Dataset records.
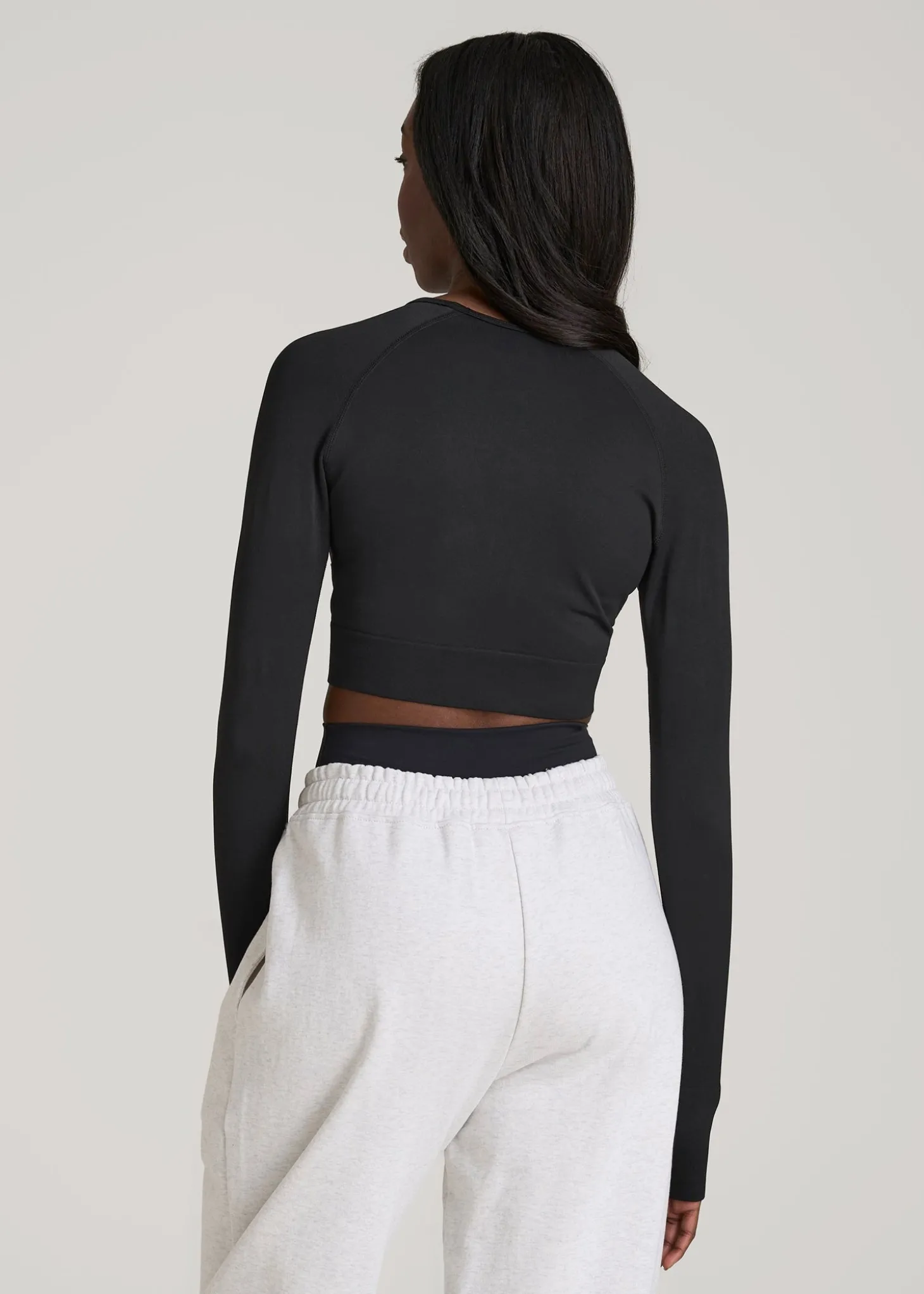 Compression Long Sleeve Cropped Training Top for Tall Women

--

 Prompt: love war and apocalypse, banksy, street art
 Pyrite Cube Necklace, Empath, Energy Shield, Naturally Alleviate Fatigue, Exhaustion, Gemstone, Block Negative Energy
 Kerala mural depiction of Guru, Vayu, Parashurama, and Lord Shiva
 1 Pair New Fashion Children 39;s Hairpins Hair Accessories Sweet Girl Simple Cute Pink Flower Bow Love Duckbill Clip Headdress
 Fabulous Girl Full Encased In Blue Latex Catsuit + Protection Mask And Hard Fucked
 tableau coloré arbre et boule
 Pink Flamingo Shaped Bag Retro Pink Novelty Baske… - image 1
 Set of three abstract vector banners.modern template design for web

* * *

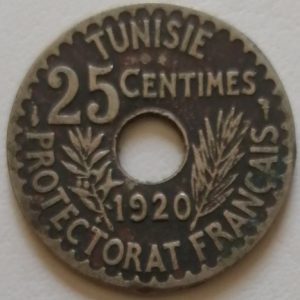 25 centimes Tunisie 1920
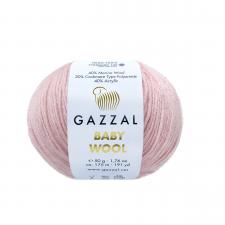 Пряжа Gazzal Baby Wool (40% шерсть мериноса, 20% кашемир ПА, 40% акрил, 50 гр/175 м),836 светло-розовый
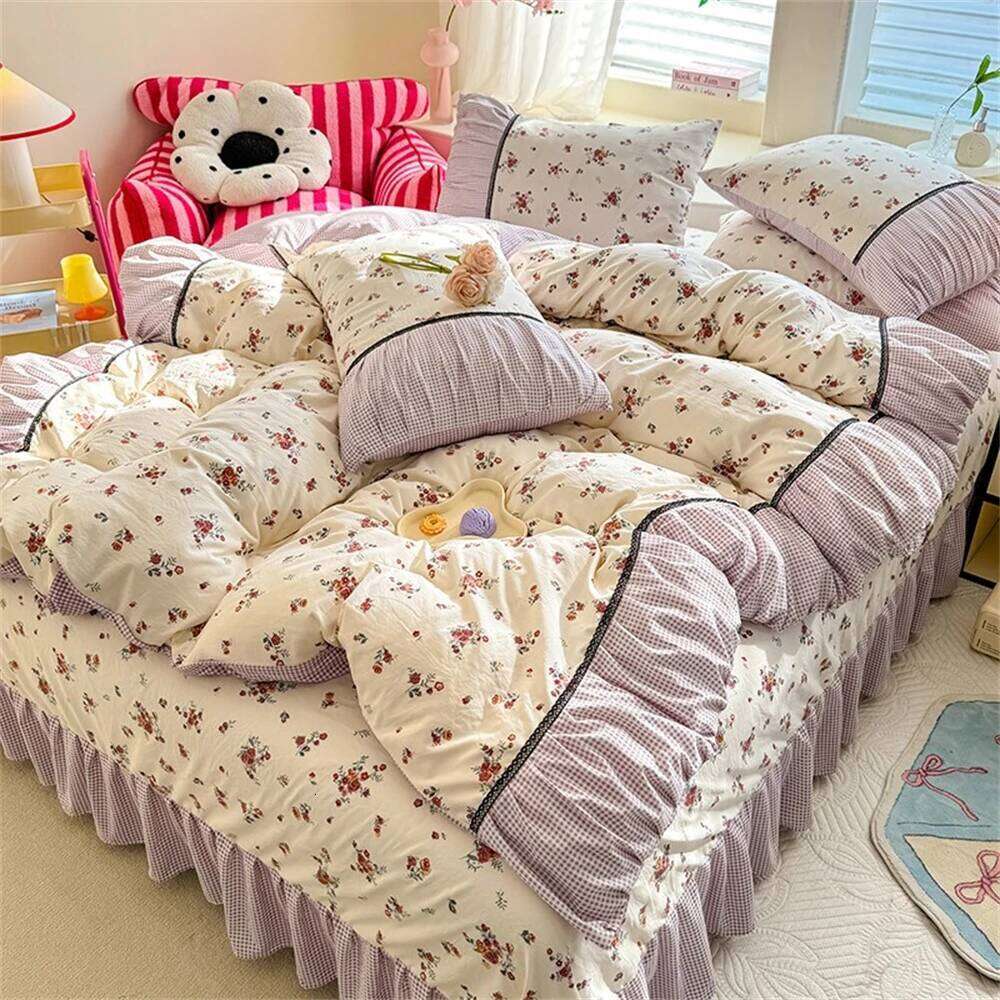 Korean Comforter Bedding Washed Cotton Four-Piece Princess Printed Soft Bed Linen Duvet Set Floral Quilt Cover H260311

About this task.
Only the lines of the data holding the string "Girl" are wanted; copy each of them.

Output below.
 1 Pair New Fashion Children 39;s Hairpins Hair Accessories Sweet Girl Simple Cute Pink Flower Bow Love Duckbill Clip Headdress
 Fabulous Girl Full Encased In Blue Latex Catsuit + Protection Mask And Hard Fucked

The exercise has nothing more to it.